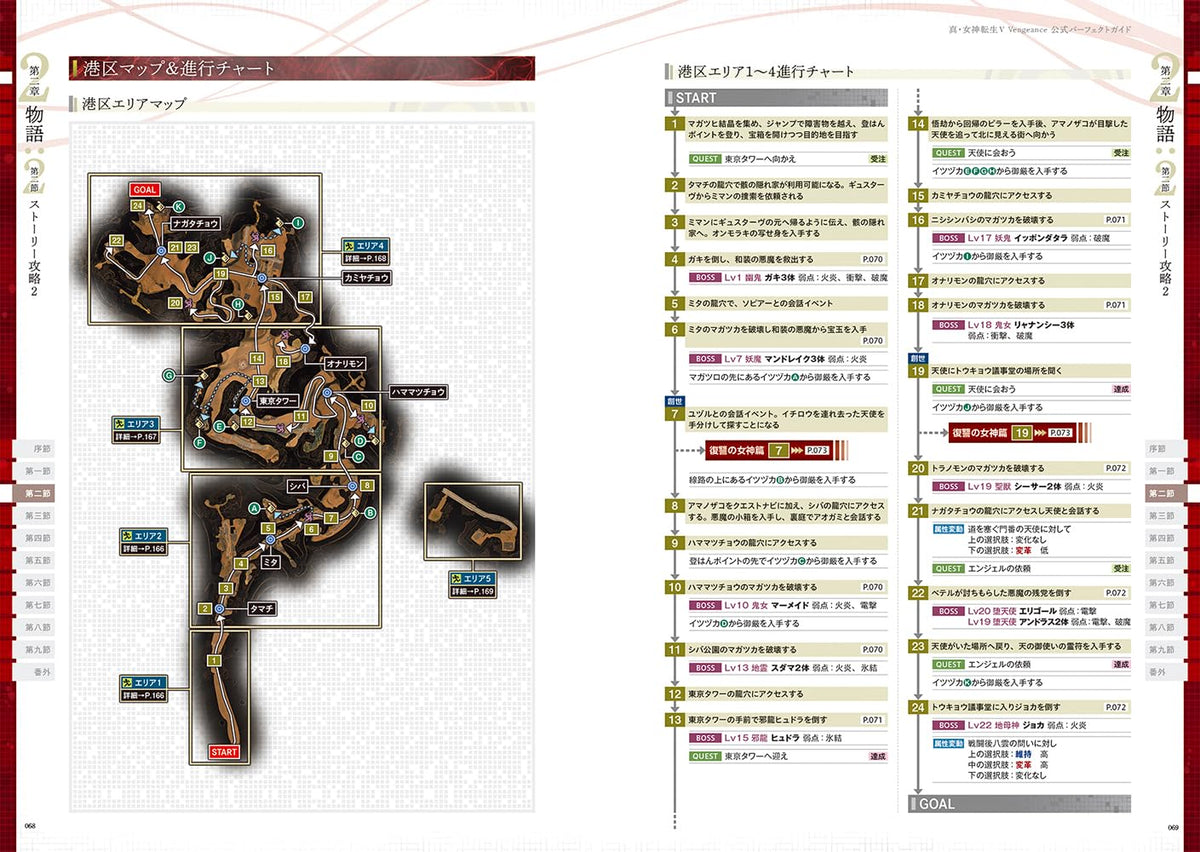 Shin Megami Tensei V: Vengeance - Official Perfect Guide - Japanese - publisher preview 2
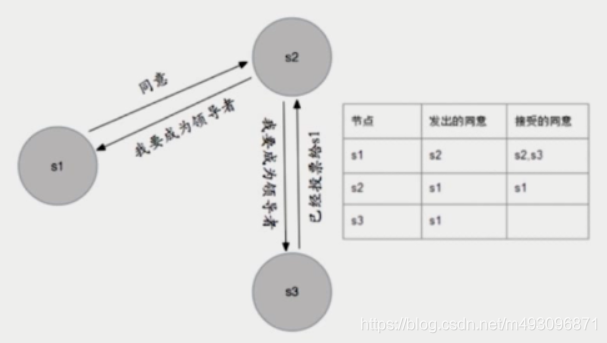 redis基本常识（二）数据迁移  架构 路由 批量优化等_读写分离_93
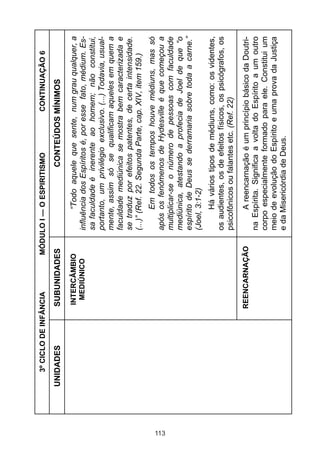 113

UNIDADES

REENCARNAÇÃO

INTERCÂMBIO
MEDIÚNICO

CONTINUAÇÃO 6

A reencarnação é um princípio básico da Doutrina Espírita. Significa a volta do Espírito a um outro
corpo especialmente formado para ele. Constitui um
meio de evolução do Espírito e uma prova da Justiça
e da Misericórdia de Deus.

Há vários tipos de médiuns, como: os videntes,
os audientes, os de efeitos físicos, os psicógrafos, os
psicofônicos ou falantes etc. (Ref. 22)

Em todos os tempos houve médiuns, mas só
após os fenômenos de Hydesville é que começou a
multiplicar-se o número de pessoas com faculdade
mediúnica, atestando a profecia de Joel de que “o
espírito de Deus se derramaria sobre toda a carne.”
(Joel, 3:1-2)

“Todo aquele que sente, num grau qualquer, a
influência dos Espíritos é, por esse fato, médium. Essa faculdade é inerente ao homem; não constitui,
portanto, um privilégio exclusivo. (...) Todavia, usualmente, assim só se qualificam aqueles em quem a
faculdade mediúnica se mostra bem caracterizada e
se traduz por efeitos patentes, de certa intensidade.
(...)” (Ref. 22. Segunda Parte, cap. XIV, item 159.)

CONTEÚDOS MÍNIMOS

MÓDULO I — O ESPIRITISMO

SUBUNIDADES

3º CICLO DE INFÂNCIA

 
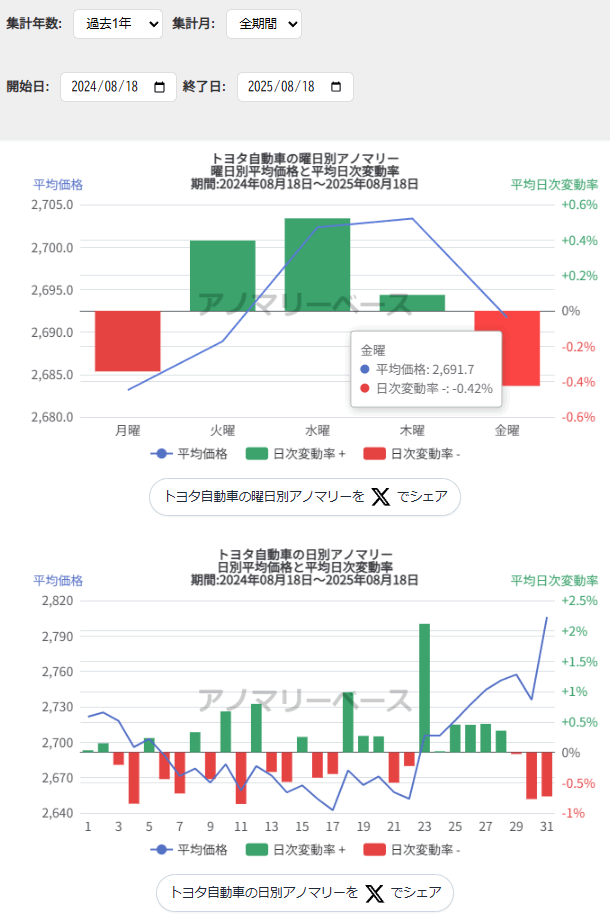 操作方法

> **What you will do**
Write the lines from the line containing "faculdade mediúnica se" through the last line of the data out again exactly, and only those lines; pictures stay out.

> **Your solution**
faculdade mediúnica se mostra bem caracterizada e
se traduz por efeitos patentes, de certa intensidade.
(...)” (Ref. 22. Segunda Parte, cap. XIV, item 159.)

CONTEÚDOS MÍNIMOS

MÓDULO I — O ESPIRITISMO

SUBUNIDADES

3º CICLO DE INFÂNCIA

 
 操作方法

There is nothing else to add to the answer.